'''
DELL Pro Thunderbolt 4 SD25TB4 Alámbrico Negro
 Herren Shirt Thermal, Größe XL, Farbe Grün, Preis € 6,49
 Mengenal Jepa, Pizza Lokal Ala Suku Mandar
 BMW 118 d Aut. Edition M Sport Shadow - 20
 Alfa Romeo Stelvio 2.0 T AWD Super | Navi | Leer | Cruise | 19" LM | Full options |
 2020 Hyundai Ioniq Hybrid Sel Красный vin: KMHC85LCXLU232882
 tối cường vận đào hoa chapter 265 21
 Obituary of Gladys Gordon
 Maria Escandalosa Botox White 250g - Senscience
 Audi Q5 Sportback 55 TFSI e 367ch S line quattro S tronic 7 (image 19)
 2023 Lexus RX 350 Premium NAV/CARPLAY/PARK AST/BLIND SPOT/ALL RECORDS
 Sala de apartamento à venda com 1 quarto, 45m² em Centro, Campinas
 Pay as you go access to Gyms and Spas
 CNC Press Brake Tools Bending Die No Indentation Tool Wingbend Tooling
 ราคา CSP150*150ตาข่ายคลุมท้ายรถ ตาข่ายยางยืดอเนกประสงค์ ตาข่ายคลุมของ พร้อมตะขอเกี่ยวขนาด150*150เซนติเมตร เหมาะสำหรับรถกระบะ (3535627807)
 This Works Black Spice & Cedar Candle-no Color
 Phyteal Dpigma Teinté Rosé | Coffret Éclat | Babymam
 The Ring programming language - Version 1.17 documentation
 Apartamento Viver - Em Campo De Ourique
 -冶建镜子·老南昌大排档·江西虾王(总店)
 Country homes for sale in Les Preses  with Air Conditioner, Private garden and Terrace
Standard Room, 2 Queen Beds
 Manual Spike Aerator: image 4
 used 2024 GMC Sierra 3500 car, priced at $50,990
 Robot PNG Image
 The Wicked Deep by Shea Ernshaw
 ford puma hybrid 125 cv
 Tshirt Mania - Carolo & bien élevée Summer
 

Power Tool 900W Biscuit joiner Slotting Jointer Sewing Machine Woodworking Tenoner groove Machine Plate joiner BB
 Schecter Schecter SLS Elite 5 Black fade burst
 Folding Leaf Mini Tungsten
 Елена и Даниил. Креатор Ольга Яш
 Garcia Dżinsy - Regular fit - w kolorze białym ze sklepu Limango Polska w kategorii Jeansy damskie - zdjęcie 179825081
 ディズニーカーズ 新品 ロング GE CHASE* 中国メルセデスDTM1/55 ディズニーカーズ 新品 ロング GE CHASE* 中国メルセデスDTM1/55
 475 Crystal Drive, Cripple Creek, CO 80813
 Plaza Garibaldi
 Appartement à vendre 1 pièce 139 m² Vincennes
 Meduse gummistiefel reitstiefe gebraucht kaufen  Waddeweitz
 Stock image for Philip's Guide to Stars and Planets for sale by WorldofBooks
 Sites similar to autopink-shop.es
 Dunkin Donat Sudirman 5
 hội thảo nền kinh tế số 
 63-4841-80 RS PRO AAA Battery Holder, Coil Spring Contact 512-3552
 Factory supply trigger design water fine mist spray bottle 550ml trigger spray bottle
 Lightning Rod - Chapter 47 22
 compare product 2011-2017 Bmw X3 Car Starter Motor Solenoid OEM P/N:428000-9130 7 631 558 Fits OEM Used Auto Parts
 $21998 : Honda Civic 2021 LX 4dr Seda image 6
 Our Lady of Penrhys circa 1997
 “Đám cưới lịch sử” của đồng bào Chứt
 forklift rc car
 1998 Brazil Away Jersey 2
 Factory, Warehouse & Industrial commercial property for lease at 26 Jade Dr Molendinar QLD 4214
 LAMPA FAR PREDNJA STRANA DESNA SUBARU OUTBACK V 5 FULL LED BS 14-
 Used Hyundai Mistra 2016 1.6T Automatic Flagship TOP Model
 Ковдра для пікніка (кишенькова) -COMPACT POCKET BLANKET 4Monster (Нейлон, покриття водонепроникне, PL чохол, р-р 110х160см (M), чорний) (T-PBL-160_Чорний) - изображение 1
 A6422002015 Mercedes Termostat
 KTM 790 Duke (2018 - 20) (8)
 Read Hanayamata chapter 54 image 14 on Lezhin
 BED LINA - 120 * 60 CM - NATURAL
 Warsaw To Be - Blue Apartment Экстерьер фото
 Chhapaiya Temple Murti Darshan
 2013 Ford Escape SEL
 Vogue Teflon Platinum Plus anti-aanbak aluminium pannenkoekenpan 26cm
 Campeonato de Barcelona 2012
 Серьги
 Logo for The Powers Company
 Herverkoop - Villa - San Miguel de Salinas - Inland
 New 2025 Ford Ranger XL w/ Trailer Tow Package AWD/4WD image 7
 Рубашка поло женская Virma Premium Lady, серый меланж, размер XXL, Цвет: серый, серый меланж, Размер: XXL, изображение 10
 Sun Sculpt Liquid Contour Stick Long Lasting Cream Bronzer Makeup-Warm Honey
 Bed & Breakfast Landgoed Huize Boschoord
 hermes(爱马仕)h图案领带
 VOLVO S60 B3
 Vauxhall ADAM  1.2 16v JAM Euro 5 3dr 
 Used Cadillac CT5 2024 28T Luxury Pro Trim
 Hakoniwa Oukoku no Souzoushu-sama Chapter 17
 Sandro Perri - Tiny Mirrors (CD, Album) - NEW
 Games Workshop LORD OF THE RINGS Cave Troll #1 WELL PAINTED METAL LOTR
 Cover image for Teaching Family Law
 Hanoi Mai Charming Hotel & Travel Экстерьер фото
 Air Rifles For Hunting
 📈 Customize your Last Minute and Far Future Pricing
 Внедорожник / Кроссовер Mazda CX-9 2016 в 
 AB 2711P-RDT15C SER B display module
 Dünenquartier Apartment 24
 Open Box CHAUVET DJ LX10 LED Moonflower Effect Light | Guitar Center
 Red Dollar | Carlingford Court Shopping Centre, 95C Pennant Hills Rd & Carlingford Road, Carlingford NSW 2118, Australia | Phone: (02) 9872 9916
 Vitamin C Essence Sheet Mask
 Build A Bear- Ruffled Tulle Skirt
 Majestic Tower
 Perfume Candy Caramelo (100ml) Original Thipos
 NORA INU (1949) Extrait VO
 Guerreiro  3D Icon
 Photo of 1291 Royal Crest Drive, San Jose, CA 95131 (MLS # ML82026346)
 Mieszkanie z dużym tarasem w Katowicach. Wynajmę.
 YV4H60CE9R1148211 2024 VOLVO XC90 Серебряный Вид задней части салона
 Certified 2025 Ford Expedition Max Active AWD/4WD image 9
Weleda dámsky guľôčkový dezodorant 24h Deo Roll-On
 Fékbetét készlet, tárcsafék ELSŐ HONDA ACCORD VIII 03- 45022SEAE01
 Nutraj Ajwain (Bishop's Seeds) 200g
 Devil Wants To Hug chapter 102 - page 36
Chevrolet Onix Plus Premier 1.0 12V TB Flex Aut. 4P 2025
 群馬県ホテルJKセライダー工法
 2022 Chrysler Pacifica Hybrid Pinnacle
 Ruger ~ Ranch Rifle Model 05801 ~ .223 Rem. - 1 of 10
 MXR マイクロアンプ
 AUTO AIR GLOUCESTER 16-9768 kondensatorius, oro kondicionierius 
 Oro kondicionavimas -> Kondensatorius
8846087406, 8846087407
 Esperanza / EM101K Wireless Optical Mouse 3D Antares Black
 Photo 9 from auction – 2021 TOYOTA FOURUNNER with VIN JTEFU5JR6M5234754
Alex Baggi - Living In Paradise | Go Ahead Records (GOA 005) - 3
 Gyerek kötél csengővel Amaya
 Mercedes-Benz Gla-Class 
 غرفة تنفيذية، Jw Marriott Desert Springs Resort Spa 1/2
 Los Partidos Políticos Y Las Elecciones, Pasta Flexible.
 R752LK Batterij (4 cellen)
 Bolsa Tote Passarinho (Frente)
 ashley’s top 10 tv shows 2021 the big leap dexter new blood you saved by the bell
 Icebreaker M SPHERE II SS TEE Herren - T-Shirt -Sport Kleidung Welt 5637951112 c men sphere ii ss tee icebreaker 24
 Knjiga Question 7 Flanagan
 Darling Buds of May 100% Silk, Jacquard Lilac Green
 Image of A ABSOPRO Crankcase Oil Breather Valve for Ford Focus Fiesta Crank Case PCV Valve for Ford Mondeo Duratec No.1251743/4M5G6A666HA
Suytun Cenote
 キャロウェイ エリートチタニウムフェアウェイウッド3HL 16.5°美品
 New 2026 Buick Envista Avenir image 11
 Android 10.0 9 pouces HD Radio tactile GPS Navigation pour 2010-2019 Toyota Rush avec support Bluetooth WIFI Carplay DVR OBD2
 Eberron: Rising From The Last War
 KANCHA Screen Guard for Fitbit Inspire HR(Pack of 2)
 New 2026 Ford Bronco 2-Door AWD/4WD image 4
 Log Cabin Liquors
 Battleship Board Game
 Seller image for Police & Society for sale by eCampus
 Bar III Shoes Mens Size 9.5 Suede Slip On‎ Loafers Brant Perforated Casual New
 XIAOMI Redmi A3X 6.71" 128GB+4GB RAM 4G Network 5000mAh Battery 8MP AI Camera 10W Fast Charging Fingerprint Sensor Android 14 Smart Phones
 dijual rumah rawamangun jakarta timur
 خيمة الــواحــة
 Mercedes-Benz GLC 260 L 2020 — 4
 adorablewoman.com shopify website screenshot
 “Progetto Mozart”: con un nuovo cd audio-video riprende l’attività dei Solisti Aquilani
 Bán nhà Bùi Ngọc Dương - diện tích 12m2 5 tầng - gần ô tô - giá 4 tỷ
'''
## Instructions for the task
Each line in the listing above that contains "фото" should be copied.

## Answer section
 Warsaw To Be - Blue Apartment Экстерьер фото
 Hanoi Mai Charming Hotel & Travel Экстерьер фото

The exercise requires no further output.